### To do
Copy the data that follows exactly as it is, excluding all pictures.

[Stored data]

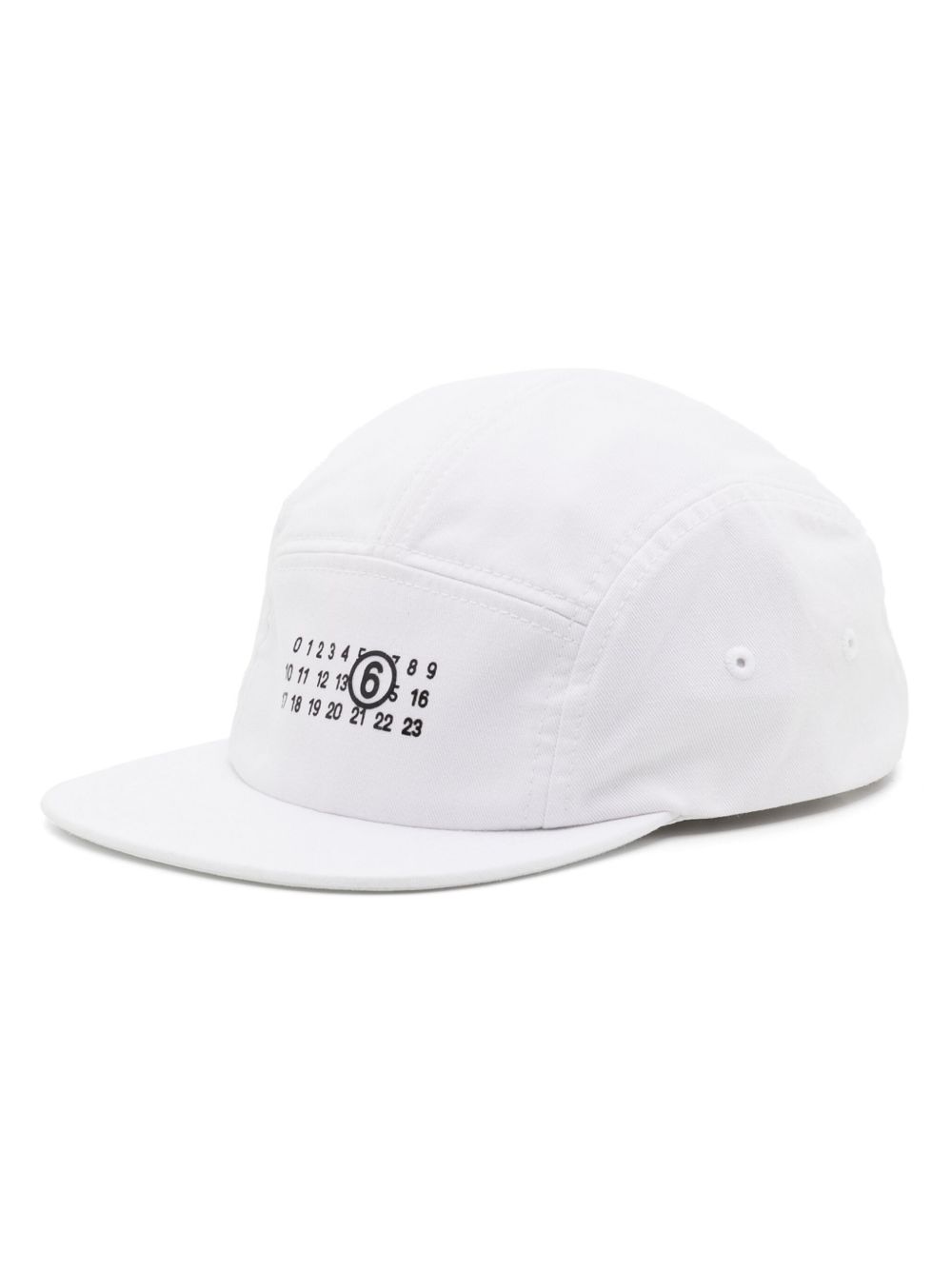MM6 Maison Margiela Kids 数字印花棉棒球帽 - 白色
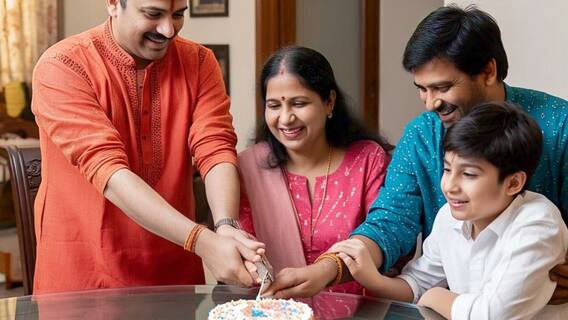 बोर्ड एग्जाम में फेल हुआ बेटा! माता-पिता ने केक काट मनाया जश्न, ये है मामला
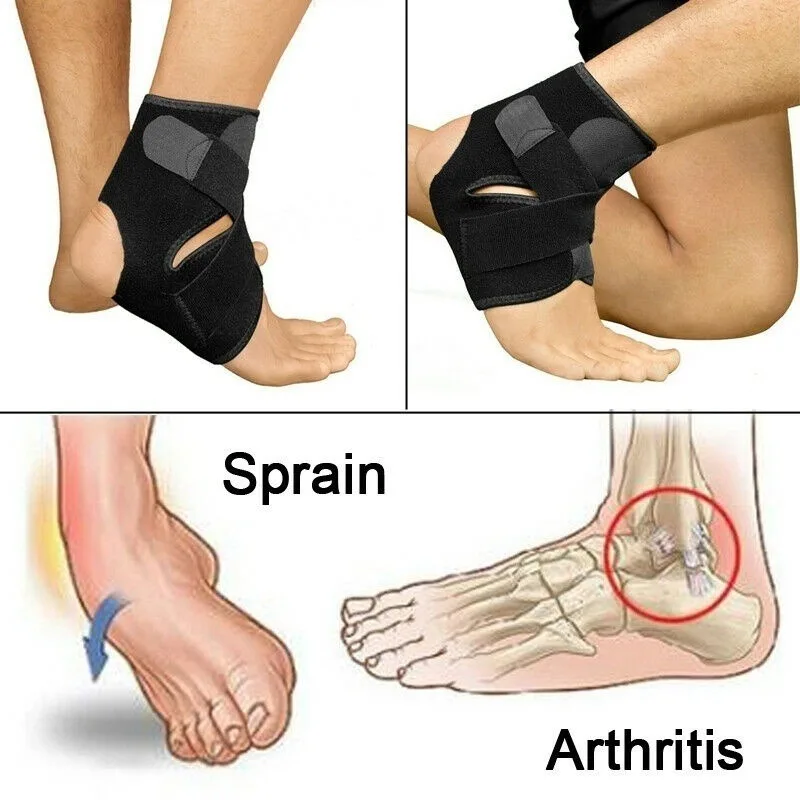 Tobillera de soporte para el tobillo, correa para aliviar el dolor, esguinces, envoltura para lesiones, 1 unidad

[/Stored data]

### Output of the task
MM6 Maison Margiela Kids 数字印花棉棒球帽 - 白色
 बोर्ड एग्जाम में फेल हुआ बेटा! माता-पिता ने केक काट मनाया जश्न, ये है मामला
 Tobillera de soporte para el tobillo, correa para aliviar el dolor, esguinces, envoltura para lesiones, 1 unidad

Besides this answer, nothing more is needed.